“Getting The Specks Out”
November 3, 2015
An Autumn Wagon Cart in Maytown, PA.
Listen to this message on your audio player.
“Do not judge so that you will not be judged. For in the way you judge, you will be judged; and by your standard of measure, it will be measured to you. Why do you look at the speck that is in your brother’s eye, but do not notice the log that is in your own eye? Or how can you say to your brother, ‘Let me take the speck out of your eye,’ and behold, the log is in your own eye? You hypocrite, first take the log out of your own eye, and then you will see clearly to take the speck out of your brother’s eye” (Matthew 7:1-5).
This last Sunday our pastor spoke from Matthew 7:1-5, taking a passage of Scripture from the Sermon on the Mount, where Jesus deals with judging and hypocrisy. Josh McDowell asserts the most quoted Scripture by non-believers, who otherwise have little regard for the Bible, is “Do not judge”. They like to hit Christians, especially those who speak forth God’s commands for living, over the head with this abbreviated command taken out of context.
Of course we all make judgments every day and, later in this same chapter, Jesus cautioned, “Beware of the false prophets” (v.15) which surely involves making a judgment as to which prophets are true and which are false! You’ll surely be in trouble if you fall for everything coming down the pike.
Pastor’s message brought back a memory from long ago when I also preached from this passage, using a very memorable illustration.

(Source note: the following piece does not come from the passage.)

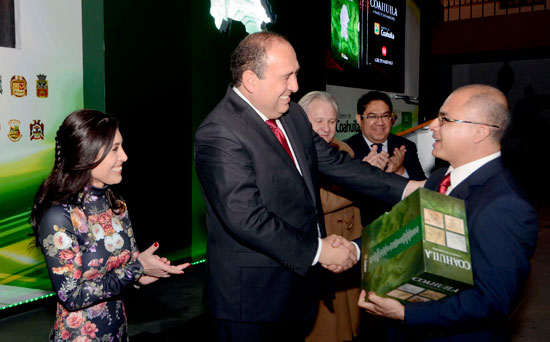 Presenta gobernador libro 'Coahuila a Través de sus Municipios'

Although this took place over 30 years ago people who were in that church service will still remember it today.
Tom Neizmik stood and read Matthew 7:1-5 aloud. Then to the congregation’s surprise he was interrupted as Dave Woods stood up. Dave was a school teacher with some interesting talents, including humor. He had taken an old pair of glasses and, from balsa wood, he fashioned 12″ beams that were glued to the front of each lens making it impossible for him to see. It was a rather hilarious sight.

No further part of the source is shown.